Foi, porém, de curta duração a minha alegria. No terceiro ou quarto dia, ao chegar, com uma turminha de retardatários como eu, a professora já tinha feito a chamada e passava as tarefas aos alunos. Ao ouvir-nos pedindo licença pra entrar, ela veio receber-nos à porta com as mãos nos quadris e de cara feia.
— O que é que está acontecendo com vocês, crianças? Estão chegando cada dia mais atrasados às aulas.
— É o sino, professora, que 'tá batendo muito tarde — explicou um dos recém-chegados.
— É verdade sim, professora. Eu também quase que me atrasei — confirmou uma colega lá de dentro da sala.
— O sineiro dorme mais que a cama, professora — pilheriou um dos colegas, o mesmo que havia cochichado na igreja, e o resultado foi uma gargalhada geral.

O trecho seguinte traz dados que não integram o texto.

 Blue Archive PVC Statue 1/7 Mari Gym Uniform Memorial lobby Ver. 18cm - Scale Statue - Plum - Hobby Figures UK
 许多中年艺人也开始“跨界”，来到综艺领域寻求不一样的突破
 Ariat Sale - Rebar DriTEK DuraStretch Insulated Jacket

— É verdade — concordou a professora depois de silenciar a turma. — Eu já estava à mesa quando ouvi o sino bater. Por isso, hoje vocês podem entrar — concedeu e voltou-se pra mim, sabendo que o sineiro era eu. — Então tu deves pedir pra teus pais acertarem o despertador. E se o atraso se repetir amanhã, eu vou falar com eles — ralhou e ameaçou com o indicador no meu nariz.

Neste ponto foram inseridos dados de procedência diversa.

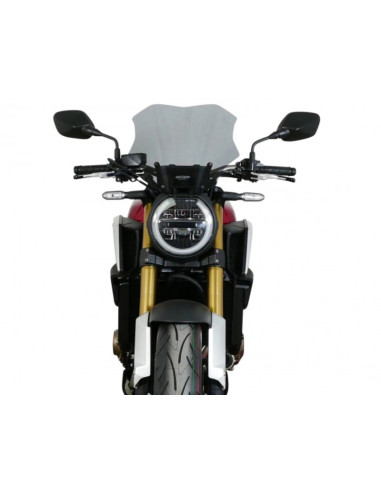 Bulle MRA Touring fumé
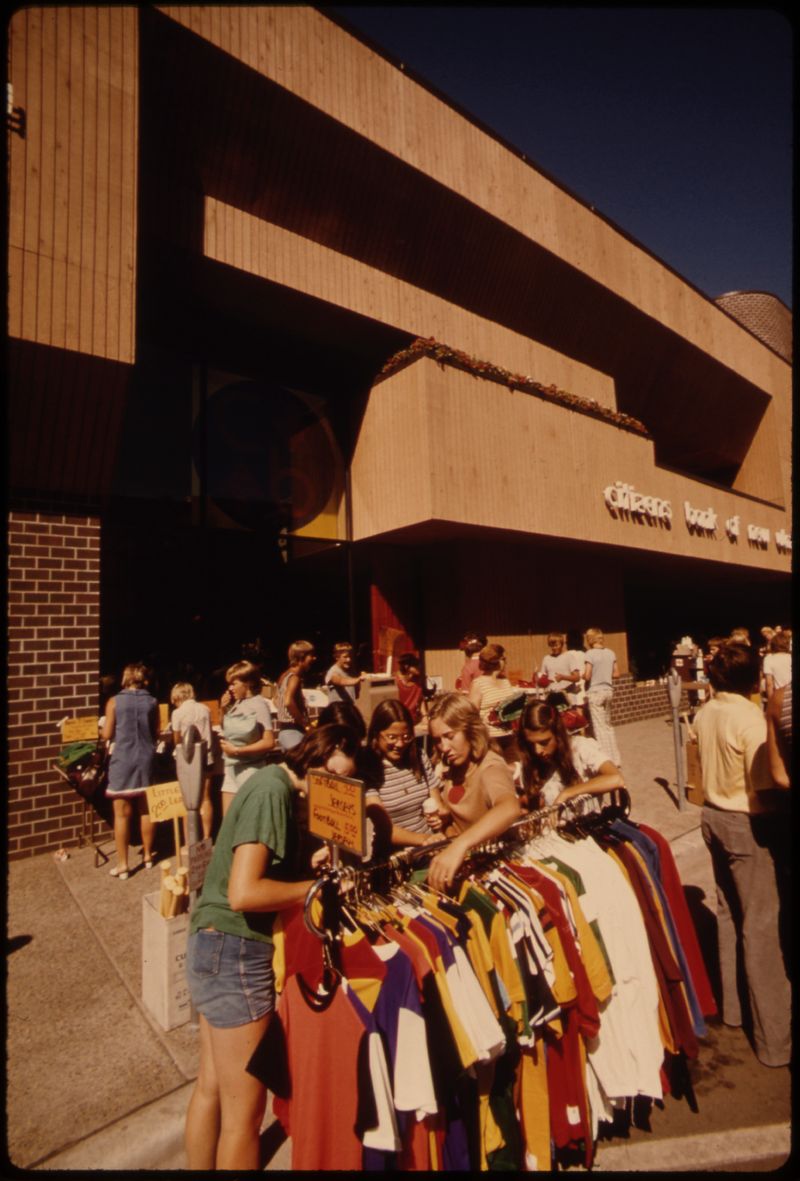 Main Street Shopping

Eu já tinha ouvido dizer que a alegria do pobre dura pouco e estava vendo que era verdade. O que é que eu iria fazer pra consertar o mal-feito? O jeito seria adiantar o maldito despertador novamente.
Não deu tempo, porém. Quando cheguei em casa, o almoço já estava à mesa, como de costume, e lá pelas tantas, meu pai se lembrou:
— Eu não sei o que é que 'tá acontecendo com o despertador. Começou a atrasar feito doido. Meia hora de uns dias pra cá.
"Como é que o Senhor sabe?" A pergunta traidora quase me saiu. Cheguei mesmo a engolir a primeira sílaba. Foi quando me lembrei a tempo, que ele tinha um relógio de algibeira.
Naquele tempo, os relógios de pulso eram ainda muito raros, e os homens mais velhos traziam os seus, de ouro ou de prata, na algibeira da calça ou do colete, da qual pendia com ostentação, como símbolo de certo poderio e riqueza, uma corrente de um ou do outro metal precioso.
Não era o caso de meu pai, que tendo o seu em metal barato, só um sujinho de prata, como dizia, raramente saía com ele, deixando-o guardado no escaninho de sua escrivaninha de quarto. Por isso, pra meu azar ou minha sorte, nem me lembrei de atrasá-lo também. O jeito foi conformar-me no ofício de sineiro e ainda considerar-me feliz se escapasse de nova corrigenda, da qual ainda não estava livre caso meu pai estranhasse o fato de não se repetir o atraso no despertador.